= Zhi Tian =

Chinese-American electrical engineer

Zhi (Gerry) Tian is a Chinese and American electrical engineer, and a professor in the Department of Electrical and Computer Engineering at George Mason University. Her research interests include statistical signal processing, compressed sensing, cognitive radio, and localization in wireless sensor networks.

==Education and career==
Tian received a bachelor's degree in electrical engineering and control theory from the University of Science and Technology of China in 1994. After a master's degree in control theory from Tsinghua University in 1995, she continued her studies at George Mason University, where she received a second master's degree in systems engineering in 1997 and completed a Ph.D. in information technology in 2000.

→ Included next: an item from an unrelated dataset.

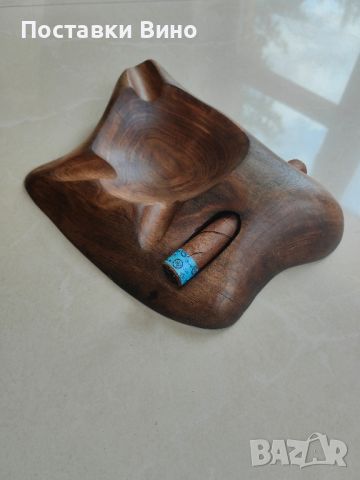 Дървен пепелник за пури, снимка 2 - Табакери - 46385181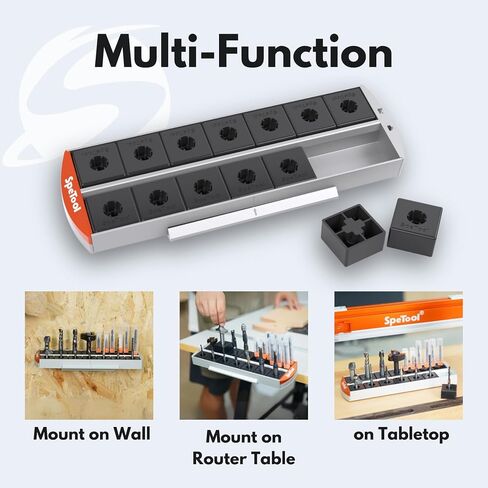 SpeTool Router Bit Storage Rack, Versatile 14 Bit Bases for 1/2 and 1/4 inch Shank Router Bit or 13*13mm Router Bit Box, Router Bit Storage Inserts Holds Up to 56 Router Bit (Sliver) in Saudi Arabia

She joined Michigan Technological University as an assistant professor of electrical engineering in 2000; she was promoted to associate professor in 2005 and full professor in 2011. From 2011 to 2014 she took a leave from Michigan Tech to become a program director for the National Science Foundation, in its Communications, Circuits and Sensing Systems Program. In 2015 she returned to George Mason University as a professor.

==Recognition==
Tian received a National Science Foundation CAREER Award in 2003. She was a distinguished lecturer of the IEEE for its Vehicular Technology Society from 2013 to 2017 and for its Communications Society from 2015 to 2016.

In 2012 she was named as an IEEE Fellow "for her contributions to ultra-wideband wireless communications and localization".